Effects of numerical dissipation on the interpretation of simulation results in computational fluid dynamics

The accuracy of direct and large-eddy simulations (DNS and LES) is typically assessed through a time consuming process of multiple runs and comparisons with available benchmark data. The goal is to achieve physically representative results by minimizing truncation errors in DNS, along with subgrid-scale modeling errors when performing LES. We show that even if these errors cannot be neglected, the physical accuracy can be improved if the numerical dissipation is properly accounted for in interpreting the results. Based on the balance of kinetic energy proposed by Schranner et al. [21], the method allows to compute the numerical dissipation rate and the numerical viscosity at each time step in a simulation for an arbitrary computational fluid dynamics (CFD) solver. We demonstrate that the quantitative knowledge of the numerical dissipation can be employed to better understand results obtained using dissipative CFD codes. We consider two different cases: DNS for a weakly turbulent wake past a sphere at Re=1000 performed using the OpenFOAM solver, and LES of a laminar separation bubble flow at Re=100,000 performed using a compact difference solver with stabilizing filters.
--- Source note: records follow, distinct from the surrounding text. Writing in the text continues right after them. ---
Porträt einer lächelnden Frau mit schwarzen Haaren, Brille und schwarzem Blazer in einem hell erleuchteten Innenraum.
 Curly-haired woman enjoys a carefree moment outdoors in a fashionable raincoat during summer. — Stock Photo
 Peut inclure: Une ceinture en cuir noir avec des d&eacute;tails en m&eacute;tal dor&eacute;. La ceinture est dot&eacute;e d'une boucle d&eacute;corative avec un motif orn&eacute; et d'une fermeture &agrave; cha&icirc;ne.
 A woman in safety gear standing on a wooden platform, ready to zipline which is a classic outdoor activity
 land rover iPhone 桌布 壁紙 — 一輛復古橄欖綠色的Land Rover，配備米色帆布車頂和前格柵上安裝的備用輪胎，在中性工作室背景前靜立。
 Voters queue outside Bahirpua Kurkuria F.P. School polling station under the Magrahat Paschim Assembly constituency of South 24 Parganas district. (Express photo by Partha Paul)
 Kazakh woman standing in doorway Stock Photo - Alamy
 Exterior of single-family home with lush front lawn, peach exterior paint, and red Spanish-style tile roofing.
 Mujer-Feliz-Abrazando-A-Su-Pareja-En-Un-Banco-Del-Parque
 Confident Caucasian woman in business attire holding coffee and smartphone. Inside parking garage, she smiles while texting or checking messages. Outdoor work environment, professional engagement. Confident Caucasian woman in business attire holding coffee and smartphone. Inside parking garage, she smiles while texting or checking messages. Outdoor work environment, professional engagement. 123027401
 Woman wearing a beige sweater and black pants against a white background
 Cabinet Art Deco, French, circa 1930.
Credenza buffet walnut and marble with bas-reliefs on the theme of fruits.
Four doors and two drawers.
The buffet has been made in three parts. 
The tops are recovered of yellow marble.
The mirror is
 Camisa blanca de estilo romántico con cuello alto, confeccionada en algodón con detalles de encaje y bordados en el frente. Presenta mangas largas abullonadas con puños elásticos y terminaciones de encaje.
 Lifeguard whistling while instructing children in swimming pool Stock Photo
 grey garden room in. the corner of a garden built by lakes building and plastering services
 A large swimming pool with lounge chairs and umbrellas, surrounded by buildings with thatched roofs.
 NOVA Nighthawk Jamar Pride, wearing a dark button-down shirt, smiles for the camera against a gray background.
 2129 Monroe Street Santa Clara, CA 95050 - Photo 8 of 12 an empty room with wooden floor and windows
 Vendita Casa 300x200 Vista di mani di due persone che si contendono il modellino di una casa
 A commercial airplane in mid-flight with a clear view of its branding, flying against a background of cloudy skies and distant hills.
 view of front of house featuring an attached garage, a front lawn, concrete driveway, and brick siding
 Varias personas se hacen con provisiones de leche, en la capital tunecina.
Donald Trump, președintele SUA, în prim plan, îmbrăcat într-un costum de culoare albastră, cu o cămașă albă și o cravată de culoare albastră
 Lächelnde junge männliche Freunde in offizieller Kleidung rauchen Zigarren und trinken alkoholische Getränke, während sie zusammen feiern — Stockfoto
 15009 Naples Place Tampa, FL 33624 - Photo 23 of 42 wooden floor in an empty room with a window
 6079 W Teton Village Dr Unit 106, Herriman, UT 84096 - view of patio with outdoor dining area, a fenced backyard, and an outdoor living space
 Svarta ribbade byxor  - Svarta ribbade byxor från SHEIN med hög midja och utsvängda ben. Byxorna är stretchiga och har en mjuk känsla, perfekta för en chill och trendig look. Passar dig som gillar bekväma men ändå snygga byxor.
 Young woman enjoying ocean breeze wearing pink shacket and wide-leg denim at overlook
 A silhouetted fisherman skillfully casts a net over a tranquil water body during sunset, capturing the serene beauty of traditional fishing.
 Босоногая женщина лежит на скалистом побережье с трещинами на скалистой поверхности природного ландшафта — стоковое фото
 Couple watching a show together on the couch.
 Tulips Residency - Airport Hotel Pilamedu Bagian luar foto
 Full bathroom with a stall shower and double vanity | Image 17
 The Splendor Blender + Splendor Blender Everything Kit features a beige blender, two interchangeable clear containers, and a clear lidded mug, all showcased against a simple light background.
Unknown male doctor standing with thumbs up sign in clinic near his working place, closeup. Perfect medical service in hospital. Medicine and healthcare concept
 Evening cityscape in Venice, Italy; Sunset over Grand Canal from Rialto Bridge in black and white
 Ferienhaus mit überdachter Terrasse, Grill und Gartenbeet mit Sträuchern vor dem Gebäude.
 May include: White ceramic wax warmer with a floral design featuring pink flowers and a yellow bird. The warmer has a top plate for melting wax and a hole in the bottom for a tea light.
The procedure is used to show that results of nominally under-resolved DNS (UDNS) can be re-interpreted as corresponding to LES results or to DNS results but for a different, effective Reynolds number that accounts for the total dissipation, consisting of the numerical dissipation and of the viscous dissipation. In both cases, comparison with benchmark data is much improved compared with cases when the nominal values used in the code are employed.